# Install freebsd using ext4 partition as /home



## dancaer69 (Jul 17, 2017)

Hello,
I'm thinking to install and try freebsd on my desktop pc which has already arch linux installed as main os and also window 10 and 2 other linux distros. I have a separate ext4 partition on a different disk which I use as /home for all 3 linux distros. I also have a swap partition which used as swap from the 3 linux distros.
So I want to know if is possible and how can I create/modify/use the partitions to:
-install freebsd on a partition(which filesystem to use?)
-use my home partitition for freebsd also
-use my swap partition also for freebsd
-use grub from my main arch linux os as bootloader to boot the installed freebsd
From information I get from gparted:
swap is on my 3rd disk in /dev/sdc3 partition
home is also on 3rd disk in /dev/sdc5 partition
I want install freebsd in place of one of other linux distros on my 4rth  ssd disk in /dev/sdd4 partition.
Do i need to create another partition to use as /boot? I prefer not if I have the option.
Thanks in advance.


----------



## SirDice (Jul 17, 2017)

dancaer69 said:


> -install freebsd on a partition(which filesystem to use?)

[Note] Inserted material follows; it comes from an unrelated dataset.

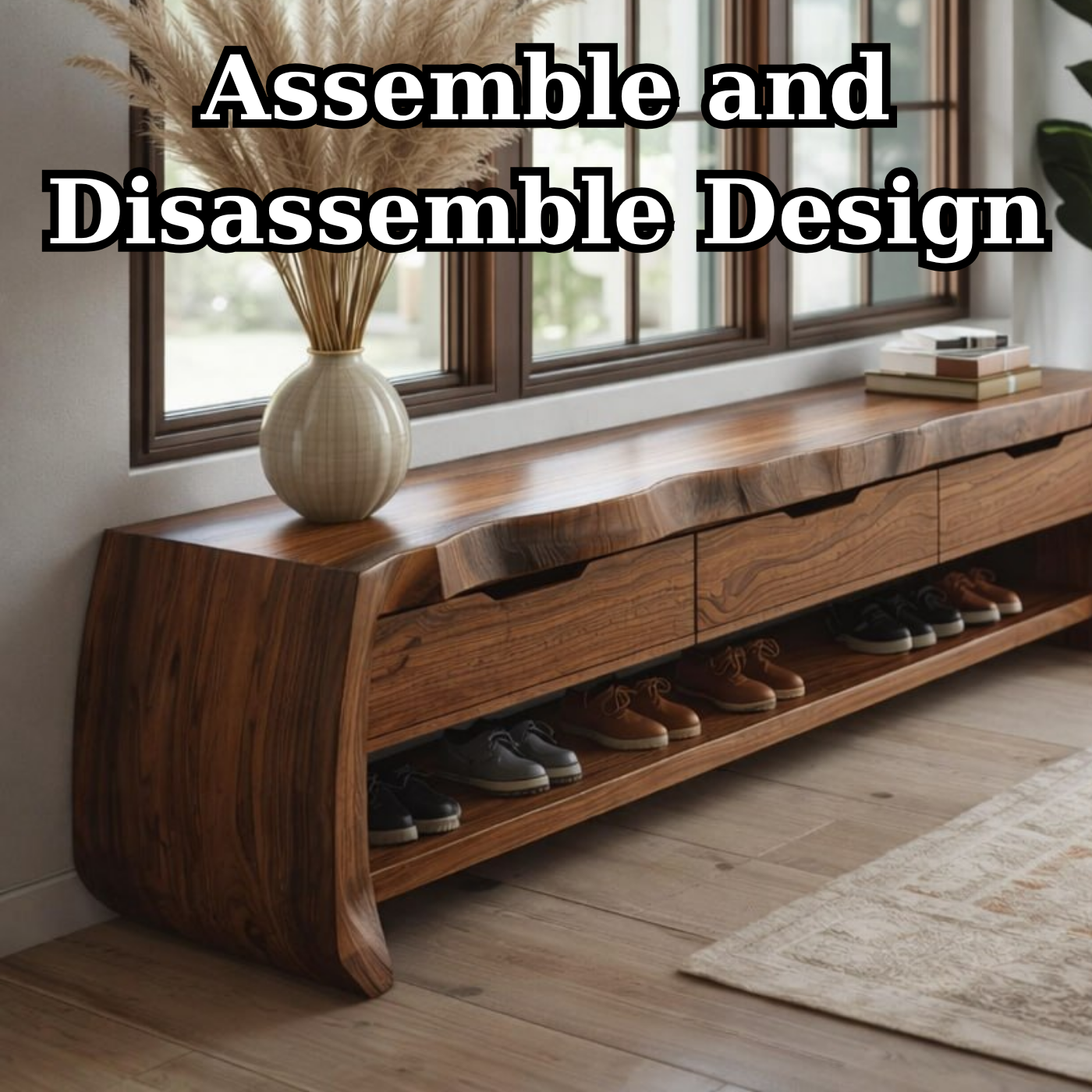 Modern Entryway Bench with Shoe Storage, Wooden Hallway Bench, Console Seat for Mudroom Decor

Only UFS and ZFS are supported.


----------



## scottro (Jul 17, 2017)

It's pretty straightforward if you're using UFS.  FreeBSD should see the empty /dev/sdd4.  To give it a try, I'd say use UFS. (ZFS is easy if using the whole disk, but takes a bit more work to put on a single partition.)
If this is MBR, rather than EFI, you shouldn't need a separate boot partition, just add a section to Arch's grub.  I have a page on grub2, that mentions FreeBSD, http://srobb.net/grub2.html. I'm not sure about EFI because I've never done a multiboot machine with it.

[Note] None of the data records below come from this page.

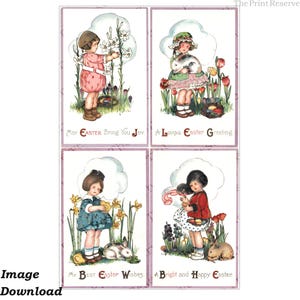 Frühling Clipart Postkarte Tulpe Osterhase Blumen Printable Artikel #215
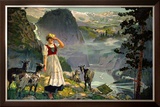 Norway for Holidays, B&N Line Framed Giclee Print
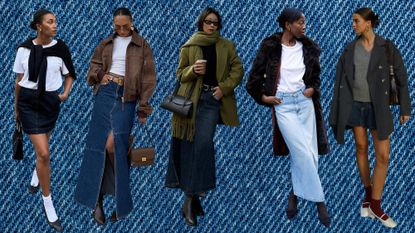 denim skirt outfits shown in a collage of women showing how to wear jean skirts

It's a bit dated but either of the FreeBSD stanzas listed there should work. 
You can't share /home.  FreeBSD can mount ext4fs but it's read only, if I remember correctly. I think it can write to ext3. Linux can mount FreeBSD UFS partitions.  I don't think it can share swap either, though you could always reform the swap partition on boot.  Depending upon what you're doing and how much free space you have, you might even create a swap partition after install in the FreeBSD partition.


----------



## recluce (Jul 26, 2017)

I have a multi-boot system that has both Linux Mint 17 and FreeBSD 11 on it. There is no good way to share Linux filesystems with FreeBSD. If you are using Arch, I assume you are an advanced Linux user. So consider migrating your /home to a ZFS filesystem. ZFS on Linux is at a point where it is quite reliable and ZFS has a number of advantages over ext4.

That is what I do, also with external drives that should be shared between Linux and FreeBSD.

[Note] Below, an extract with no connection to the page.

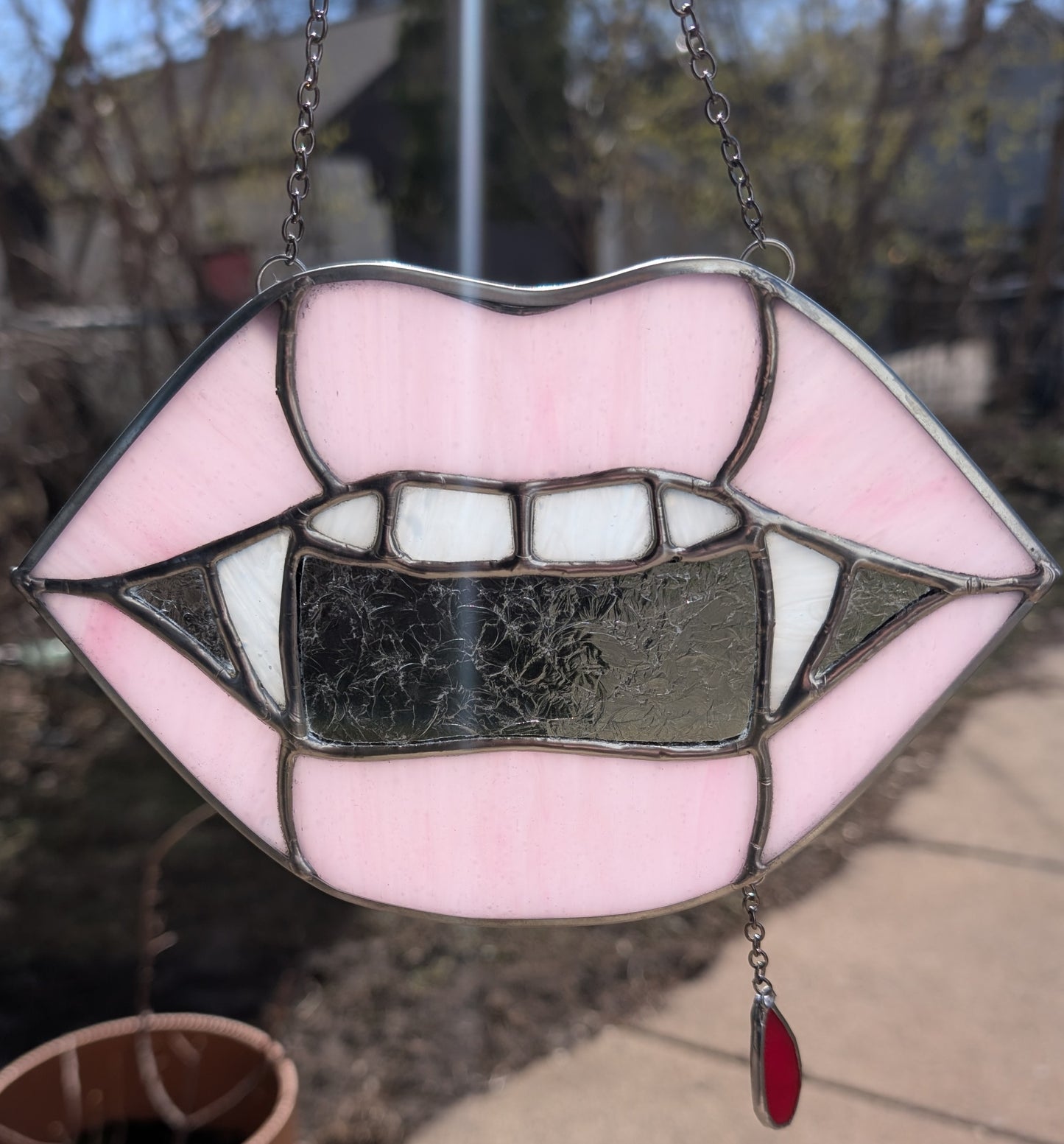Handcrafted stained glass vampire teeth pink lips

Multi-booting the system is easy if you use UEFI, but can be a bit tricky if you have legacy BIOS boot.


----------



## Leveret (Nov 29, 2017)

How to reinstall freebsd without overwriting personal data? I understand this would require separate home partition. Does anyone know how to reinstall without formatting it? I have never been able to get this to work and have used default install instead.


----------



## SirDice (Nov 30, 2017)

When you assign partitions to directories there's an option to newfs(8) the partition, or not. Obviously you want that switched off for the partition that has your /home. Or simply do a standard install and add /home after the installation.


----------